長良川沿いにあって川の支流もいくつかあり、清らかな水が豊富なこの街は、名水100選にも選ばれた宗祇水があり、コーヒーやお酒がまろやかで美味しくいただけました。地元の方は「蛇口をひねればミネラルウォーター」と笑っていました。
山と川とともに暮らす人々は、川ではアユやウナギを釣って食べ、山ではイノシシやシカなどを猟で仕留め、お米とお酒を造り、野菜を育て、自然のリズムとともに生きてるのだなと感じました。今回は、郡上のジビエ料理や地元の素材を作ったお料理とお酒をビストロ礼二郎でいただき、大満足でした!
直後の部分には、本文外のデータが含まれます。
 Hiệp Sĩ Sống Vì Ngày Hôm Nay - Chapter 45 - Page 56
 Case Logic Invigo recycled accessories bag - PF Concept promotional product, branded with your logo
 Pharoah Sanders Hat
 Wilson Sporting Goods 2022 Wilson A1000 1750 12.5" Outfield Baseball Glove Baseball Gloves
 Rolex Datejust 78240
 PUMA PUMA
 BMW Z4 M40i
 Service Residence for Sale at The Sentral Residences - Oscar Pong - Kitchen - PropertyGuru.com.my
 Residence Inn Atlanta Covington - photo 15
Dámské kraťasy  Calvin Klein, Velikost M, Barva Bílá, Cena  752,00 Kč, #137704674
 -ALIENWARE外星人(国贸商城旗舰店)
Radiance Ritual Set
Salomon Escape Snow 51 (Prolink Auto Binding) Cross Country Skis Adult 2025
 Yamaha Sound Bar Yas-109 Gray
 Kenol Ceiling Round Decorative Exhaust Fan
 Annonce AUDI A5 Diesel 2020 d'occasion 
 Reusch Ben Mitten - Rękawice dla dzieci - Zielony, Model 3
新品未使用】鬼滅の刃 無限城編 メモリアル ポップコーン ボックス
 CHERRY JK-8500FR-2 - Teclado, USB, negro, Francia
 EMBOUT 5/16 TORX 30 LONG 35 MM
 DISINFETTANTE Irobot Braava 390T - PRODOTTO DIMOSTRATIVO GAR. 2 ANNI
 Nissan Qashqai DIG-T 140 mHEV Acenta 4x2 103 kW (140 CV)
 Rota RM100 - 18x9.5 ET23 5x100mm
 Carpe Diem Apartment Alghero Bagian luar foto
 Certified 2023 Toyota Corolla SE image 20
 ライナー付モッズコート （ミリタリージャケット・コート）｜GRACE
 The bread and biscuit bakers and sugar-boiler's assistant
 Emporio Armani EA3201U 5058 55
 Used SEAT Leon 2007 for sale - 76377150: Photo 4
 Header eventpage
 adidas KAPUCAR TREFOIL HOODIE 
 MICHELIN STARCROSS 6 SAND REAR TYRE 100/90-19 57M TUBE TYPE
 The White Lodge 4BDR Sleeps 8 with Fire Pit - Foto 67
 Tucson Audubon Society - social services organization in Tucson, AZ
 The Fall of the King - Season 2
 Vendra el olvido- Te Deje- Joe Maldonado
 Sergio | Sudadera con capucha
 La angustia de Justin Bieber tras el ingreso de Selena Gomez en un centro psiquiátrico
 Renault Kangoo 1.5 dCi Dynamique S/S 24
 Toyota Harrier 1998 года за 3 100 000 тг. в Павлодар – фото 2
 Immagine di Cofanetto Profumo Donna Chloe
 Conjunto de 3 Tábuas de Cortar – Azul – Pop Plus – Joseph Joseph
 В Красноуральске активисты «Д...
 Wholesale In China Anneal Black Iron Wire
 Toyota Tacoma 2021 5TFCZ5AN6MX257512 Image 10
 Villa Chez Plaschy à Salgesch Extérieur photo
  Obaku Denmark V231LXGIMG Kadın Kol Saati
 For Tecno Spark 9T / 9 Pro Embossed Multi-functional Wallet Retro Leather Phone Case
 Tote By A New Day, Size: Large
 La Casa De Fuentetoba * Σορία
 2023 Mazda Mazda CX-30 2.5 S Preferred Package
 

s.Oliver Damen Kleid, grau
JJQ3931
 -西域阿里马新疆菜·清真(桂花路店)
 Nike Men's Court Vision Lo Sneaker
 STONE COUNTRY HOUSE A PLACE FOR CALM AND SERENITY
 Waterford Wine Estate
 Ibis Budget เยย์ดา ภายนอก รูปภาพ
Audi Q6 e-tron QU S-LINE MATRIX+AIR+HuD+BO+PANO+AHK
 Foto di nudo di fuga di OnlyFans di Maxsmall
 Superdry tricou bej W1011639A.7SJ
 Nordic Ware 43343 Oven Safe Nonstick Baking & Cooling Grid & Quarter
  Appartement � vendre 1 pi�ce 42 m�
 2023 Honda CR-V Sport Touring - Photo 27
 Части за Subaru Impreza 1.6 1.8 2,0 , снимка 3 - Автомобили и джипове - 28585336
冬は 郡上本染 鯉のぼり寒ざらしが有名で、国内外からの観光客が見学に訪れて賑わうそうです。2026年は1月20日と2月8日に開催され、染めた鯉のぼりの糊を冷たい川の水で洗い落とす作業が行われます。地元の小学生も自分たちで作った鯉のぼりの染物を川で洗う体験をする、町の大切な伝統行事です。イベント前日にはライトアップされた鯉のぼりが川を泳ぐ様子が見られます。
郡上本染と呼ばれる藍染は400年以上の長い伝統があり、現在まで15代続く郡上本染 渡辺染物店 では、ご兄弟が昔から続く手法で独特な美しい染物作品を作り続けています。今回の訪問では、こちらの工房で染めの工程を見学させていただく貴重な機会をいただきました。暖かい季節には、予約制で希望者を対象に藍染体験なども開催されているそうです。

水が一番冷たい季節に鯉のぼりの寒ざらしが行われるのはなぜか伺ったところ、水質が一番よく、雪の季節で川の水量が安定しており、予定通り作業しやすいからとのこと。川の冷たい水だと洗った後の仕上がりも格段に良くなります。とはいえ、このイベントの前日には川底の石を仲間と掃除して、作品が汚れないように細心の注意を払って作業するそうです。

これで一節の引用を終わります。